Occupé à mastiquer les interstices du parquet je fais tourner une suite de musiques baroques. A ce que je crois. Au bout de dix minutes cette réflexion: l’oreille est déformée, j’entends la même chose là où les différences sont subtiles. Volontaire je prête une attention renouvellée. Le début, l’envolée des orgues, … non, décidèment je vois mal la différence avec la pièce précédente. Pour cause, le lecteur tourne en boucle, j’ai écrouté six fois la même pièce.
Mois : avril 2009
Hommes en bleu qui se saoulent dans la chambre froide de la boucherie de Coupy tandis que je commande de la côtelette à l’employé. Le téléphone sonne.
- Patron, ta femme!
Cela ne suffit pas à le faire venir. L’employé s’excuse, dépose le couteau, va. Le patron vient au combiné, s’énerve, bidouille la prise.

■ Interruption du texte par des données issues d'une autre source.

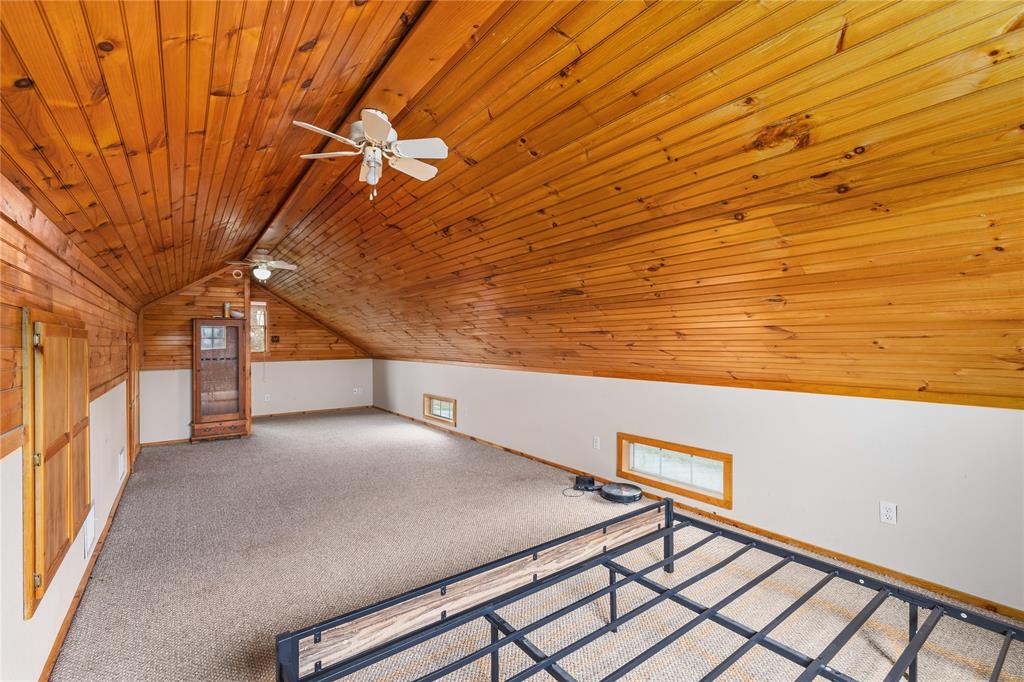 Parkinson, Acres 9.4 - Residential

- Cette saloperie ne veut pas fonctionner!
L’employé pose encore le couteau, enfonce la prise:
- Là… essaie!
“Quoi, s’écrie le patron au téléphone, et tu m’appelles pour ça…!“
Il raccroche, retourne dans la viande, avec les copains.
L’employé qui finit de trancher la côtelette:
- Avec ça?
A Strasbourg où Didadactures est lue par une troupe du théâtre municipal, la metteur en scène, à l’heure du débat ‚déclare le texte superficiel. Je dis “oui”. Elle tient pour un défaut une volonté. Ce qui la chagrine c’est l’absence de message. On est faibles avec les idiots. L’étant moins j’aurais pu l’adresser au parti communiste.
Que la société ne trouve pas d’utilité à ses écrivains, c’est avéré: elle en fait des pantins ou des marchands de livres. Aucune importance. Que l’écrivain trouve une utilité à être écrivain suffit. Le pathétique c’est quand l’écrivain se juge inutile parce qu’il n’est pas un bon pantin ou un bon marchand de livres.
Sur le parking d’un supermarché de Ferney un clochard aide les automobilistes à se garer.
- Merde.
D’ailleurs il n’y a pas de place.
Tout de même j’en trouve une. On me collera une amende. Au clochard:
- Casse pas ma voiture.
Je m’en vais.
Chez Telecom on me dit “qu’il y a vingt minutes d’attente.” Vingt minutes plus tard: “que la compagnie ne peut rien faire si la ligne pour laquelle je paie ne fonctionne pas”, “que la compagnie ne peut pas m’appeler sur mon téléphone portable: c’est interdit par la compagnie”, “qu’il ne faut pas que je m’énerve”, “que je ne peux pas rappeler la compagie de téléphone parce qu’elle ne répond pas au téléphone.“
Je sors.
Au fond de ma poche je récupère la ferraille: pièce de 2, de 5, de 10, de 20, cherche le clochard — il s’est déplacé — et lui donne toute la poignée de pièces. Il a vingt ans, regarde dans le creux de sa main, hésite à accepter.
- Qui a enduit la façade?
- Pas moi, répond le gars qui maçonne le seuil de l’église, je suis bénévole.
- Ah.
- Oui, et je demande 15 euros l’heure si ça peut vous intéresser.
- Pourquoi pas? Votre nom?
- Duparc. Je ne bois pas, je ne fume pas et je n’ai pas de portable.
Le type à les yeux bouffis d’alcool, le cheveu fourché et rare, une dégaine à ventre.